I feel like a blogging slacker for not posting great finger foods, hearty chilies, and messy sloppy gooey man food all week this week because honestly, I’d eat like that if I could all of the time. I’d whine like a baby about feeling fat and ill for the rest of the day and drive everyone nuts, but some great layered nachos always hit the spot. And with the Super Bowl this weekend? How dare I!
Oh, well. There will be a kitchen throwdown on Sunday for a few friends and my own palate that I will tell ya’ll about later but so far (you know, 2 days in) my February has been rather rushed. I have recently been promoted to manager at the shop and will be going to Dallas next week for business. I’d be super excited, but it’s business so most likely there will be no posts about how I landed in Dallas to find wild cattle roaming the runway that I could tackle and grill to a perfect medium rare. Nope, we’re thinking hotel food… poo.

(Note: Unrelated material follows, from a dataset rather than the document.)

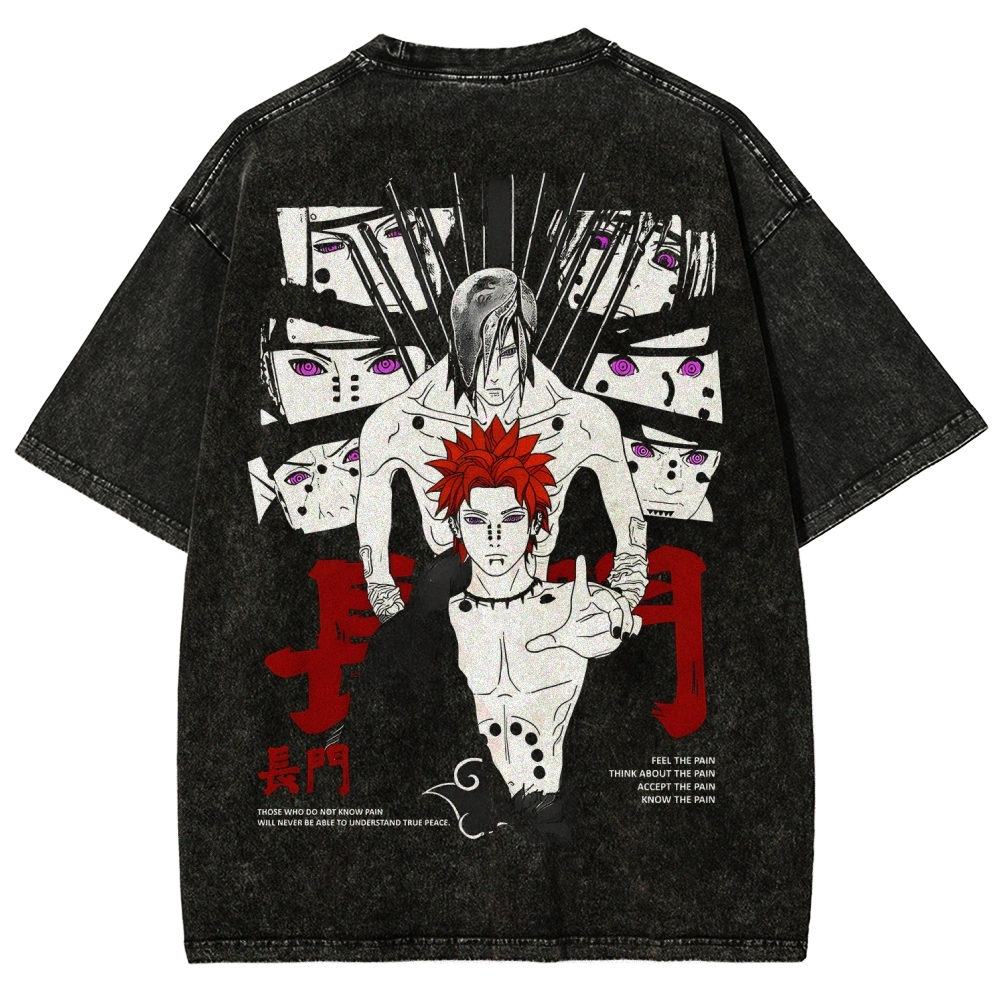 Naruto Pain Nagato Unisex Fit Washed T-Shirt 2508007820-Coordom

Just in case you want something hearty and warm to serve at your Super Bowl party, or any time as a great snack, this bread is perfect. When I saw it I knew I had to try it and since it conveniently fits into my goal of kicking yeast in the behind, why not.
Pull apart bread
Adapted from A Little Bit of Everything
- 4 cups all-purpose flour
- 1 package dry yeast
- 1 1/2 cup lukewarm milk/water
- Stuffing of your choice**
- 1 egg for brushing
In your mixer bowl cream the yeast with a little milk. When the yeast has dissolved pour the rest of the milk.
Slowly add the flour mixing until the dough comes clean from the sides of the bowl.

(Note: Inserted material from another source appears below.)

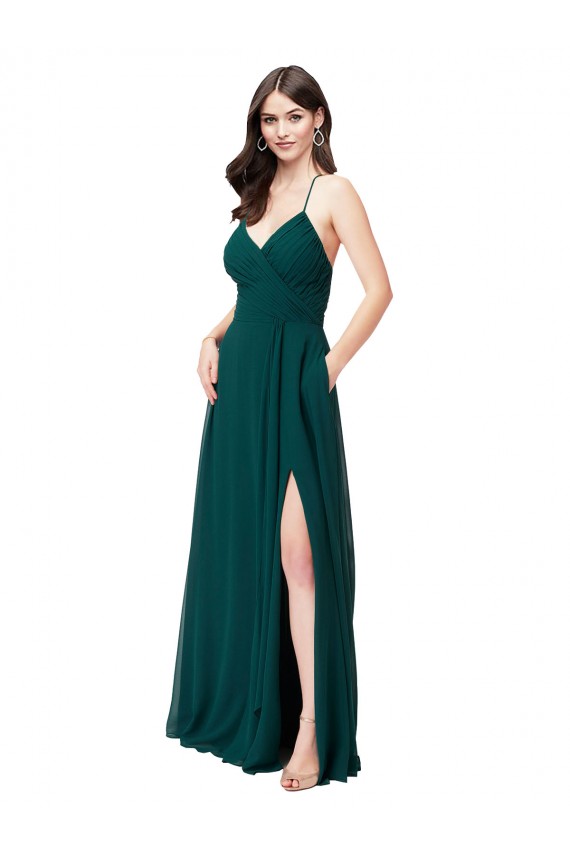 Hunter Green V-Neck Sleeveless Open Back A-Line Wedding Party Dress Townsville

Place the dough into a greased bowl and leave to rest at room temperature until it doubles in volume.
When risen divide it into 10-12 balls and flatten them.
To make the filling shred the cheese and chop the herbs. Mix them. Place about 1-2 tbsp of the cheese-herb mixture on the flatten dough.
Seal the pocket with a fork or with your fingers and place it in a greased loaf pan. Do the same with the rest.
Leave again to rest at room temperature. When risen brush with egg wash and bake in preheated oven, at 375F, for about 35-40 minutes.
Leave to cool a little and get it out of the pan.
*Fresh herbs and cheese is what was used by the A Little Bit of Everything to stuff this bread originally, however, I used a sausage stuffing left over from stuffed mushrooms and it was great! With the meat on the inside I recommend slicing rather then pulling as the title would suggest.